Benim size tavsiyem farklı damak tadına ve pişirme şekillerine sahip Tay mutfağının yemeklerini sokak satıcılarından denememeniz yönünde olacak. Çünkü 40 derece sıcağın altında duran haşlanmış yumurtalar, palm yağı ile kızartılmış soslu tavuklar ve üzerinde sineklerin gezebildiği deniz mahsulleri midenize zarar verebilir. Sokak satıcılarından alabileceğiniz en masum yiyecek olarak meyveleri tercih edebilirsiniz. Mango, papaya, mangosteen, rambutan, ejderha meyvesi, lychee, longon ve daha nice meyveyi çok ucuz fiyatlara tadabilirsiniz. Benim en büyük hayal kırıklığım Hindistan cevizi ile ilgili oldu. Tropik iklime sahip Tayland’da bolca Hindistan cevizi yiyebileceğimi düşünürken sadece olgunlaşmamış Hindistan cevizlerinin içindeki suyu soğuk olarak servis ettiklerini gördüm. Tadı güzel, denemenizi tavsiye ederim 

Eğer illa ki Tayland mutfağının yemeklerini tatmak isterseniz büyük alışveriş merkezlerinin içinde bulunan restoranları ziyaret etmenizi öneririm. Böylece dış etkenlere maruz kalmayan ve sizin siparişiniz üzerine pişirilen yemekleri yiyebilirsiniz. “Tay mutfağı benim ilgimi çekmiyor, aç kalacağım” diye düşünüyorsanız yanılıyorsunuz. Hemen her köşe başında bulunan SevenEleven, McDonald’s, Burger King ya da İtalyan pizzacılarında kendi damak tadınıza uygun yiyecekler bulmanız mümkün oluyor. 

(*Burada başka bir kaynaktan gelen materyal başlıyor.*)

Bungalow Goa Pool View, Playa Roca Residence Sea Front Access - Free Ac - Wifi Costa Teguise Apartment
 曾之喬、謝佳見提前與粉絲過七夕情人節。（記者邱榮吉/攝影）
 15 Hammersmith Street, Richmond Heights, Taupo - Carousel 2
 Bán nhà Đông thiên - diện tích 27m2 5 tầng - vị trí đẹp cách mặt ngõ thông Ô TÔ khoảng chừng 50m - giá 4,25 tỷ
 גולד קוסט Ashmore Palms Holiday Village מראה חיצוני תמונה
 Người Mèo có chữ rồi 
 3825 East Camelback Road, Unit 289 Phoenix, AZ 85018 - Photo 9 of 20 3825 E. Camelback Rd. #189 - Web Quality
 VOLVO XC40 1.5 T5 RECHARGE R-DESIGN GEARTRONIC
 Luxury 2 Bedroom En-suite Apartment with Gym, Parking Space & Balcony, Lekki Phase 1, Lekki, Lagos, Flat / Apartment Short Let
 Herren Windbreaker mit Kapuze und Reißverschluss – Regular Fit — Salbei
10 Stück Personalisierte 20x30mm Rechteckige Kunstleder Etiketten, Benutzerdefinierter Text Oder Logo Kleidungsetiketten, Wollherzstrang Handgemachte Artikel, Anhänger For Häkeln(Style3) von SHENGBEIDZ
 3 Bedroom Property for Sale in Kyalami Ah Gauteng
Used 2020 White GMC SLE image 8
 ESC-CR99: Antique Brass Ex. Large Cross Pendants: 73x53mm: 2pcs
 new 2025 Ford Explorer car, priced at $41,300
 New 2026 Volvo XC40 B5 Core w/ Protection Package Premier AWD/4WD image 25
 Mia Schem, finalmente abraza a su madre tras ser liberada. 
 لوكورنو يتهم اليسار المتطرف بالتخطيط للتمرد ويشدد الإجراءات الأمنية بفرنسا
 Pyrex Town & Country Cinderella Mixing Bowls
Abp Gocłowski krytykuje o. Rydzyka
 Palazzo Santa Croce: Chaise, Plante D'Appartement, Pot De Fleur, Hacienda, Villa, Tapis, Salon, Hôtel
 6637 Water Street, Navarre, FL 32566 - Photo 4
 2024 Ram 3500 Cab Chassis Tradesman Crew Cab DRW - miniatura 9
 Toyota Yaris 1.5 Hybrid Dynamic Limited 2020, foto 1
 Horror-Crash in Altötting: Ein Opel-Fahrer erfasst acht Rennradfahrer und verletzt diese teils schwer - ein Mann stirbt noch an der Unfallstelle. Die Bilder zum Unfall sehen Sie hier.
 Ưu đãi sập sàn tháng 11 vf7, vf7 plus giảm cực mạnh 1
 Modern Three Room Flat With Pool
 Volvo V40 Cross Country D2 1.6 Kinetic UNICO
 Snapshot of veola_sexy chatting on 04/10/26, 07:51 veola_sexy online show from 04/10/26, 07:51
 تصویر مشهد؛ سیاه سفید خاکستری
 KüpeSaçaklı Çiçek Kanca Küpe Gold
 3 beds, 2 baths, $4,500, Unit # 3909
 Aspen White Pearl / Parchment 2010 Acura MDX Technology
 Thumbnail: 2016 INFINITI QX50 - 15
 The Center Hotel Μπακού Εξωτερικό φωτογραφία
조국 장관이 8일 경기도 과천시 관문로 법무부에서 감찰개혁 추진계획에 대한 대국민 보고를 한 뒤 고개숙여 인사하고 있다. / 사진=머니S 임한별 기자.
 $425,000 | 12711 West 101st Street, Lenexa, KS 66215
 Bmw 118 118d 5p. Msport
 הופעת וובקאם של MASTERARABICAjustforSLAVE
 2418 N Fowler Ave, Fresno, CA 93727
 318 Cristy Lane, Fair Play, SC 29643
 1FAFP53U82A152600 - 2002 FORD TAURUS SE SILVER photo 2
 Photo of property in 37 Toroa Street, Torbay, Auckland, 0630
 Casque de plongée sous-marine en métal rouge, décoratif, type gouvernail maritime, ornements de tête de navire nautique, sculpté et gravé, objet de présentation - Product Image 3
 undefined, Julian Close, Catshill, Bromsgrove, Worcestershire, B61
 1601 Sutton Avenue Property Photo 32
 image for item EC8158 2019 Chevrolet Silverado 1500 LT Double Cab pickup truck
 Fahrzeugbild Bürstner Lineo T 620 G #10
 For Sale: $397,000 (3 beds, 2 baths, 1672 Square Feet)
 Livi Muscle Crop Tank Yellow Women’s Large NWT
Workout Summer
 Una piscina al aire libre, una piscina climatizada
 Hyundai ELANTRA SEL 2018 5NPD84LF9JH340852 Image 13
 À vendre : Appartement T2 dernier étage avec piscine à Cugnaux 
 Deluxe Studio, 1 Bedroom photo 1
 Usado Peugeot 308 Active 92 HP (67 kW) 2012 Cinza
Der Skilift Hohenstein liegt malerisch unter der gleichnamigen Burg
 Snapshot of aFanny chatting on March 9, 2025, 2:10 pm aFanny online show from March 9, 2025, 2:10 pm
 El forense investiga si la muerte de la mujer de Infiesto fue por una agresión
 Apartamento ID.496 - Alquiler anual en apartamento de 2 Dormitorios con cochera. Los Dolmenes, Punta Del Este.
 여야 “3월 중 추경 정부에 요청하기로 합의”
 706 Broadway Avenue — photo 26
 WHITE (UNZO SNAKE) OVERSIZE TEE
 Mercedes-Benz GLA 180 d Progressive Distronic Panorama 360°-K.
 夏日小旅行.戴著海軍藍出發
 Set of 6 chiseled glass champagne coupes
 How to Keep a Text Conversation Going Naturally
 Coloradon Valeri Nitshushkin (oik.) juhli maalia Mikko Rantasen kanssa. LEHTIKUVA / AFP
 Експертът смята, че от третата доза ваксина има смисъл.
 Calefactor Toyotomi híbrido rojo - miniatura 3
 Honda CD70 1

Uzak olduğu için gitmeyi ertelediğiniz veya kültür farkının gözünüzü korkuttuğu Tayland’ın başkenti Bangkok sizleri çağırıyor. Sokaklarında tropik kuşların, sincapların ve Siam kedilerinin dolaştığı, yüksek sesle konuşmanın veya trafikte korna çalmanın ayıp sayıldığı, zengininden fakirine sokaktaki tüm halkın devamlı gülümsediği, markette, restoranda veya alışveriş merkezinde göz göze geldiğinizde saygıdan selam verenlerin ülkesi Tayland; tüm dünyadan ziyaretçi ağırlamaya devam ediyor, bir sonraki neden siz olmayasınız!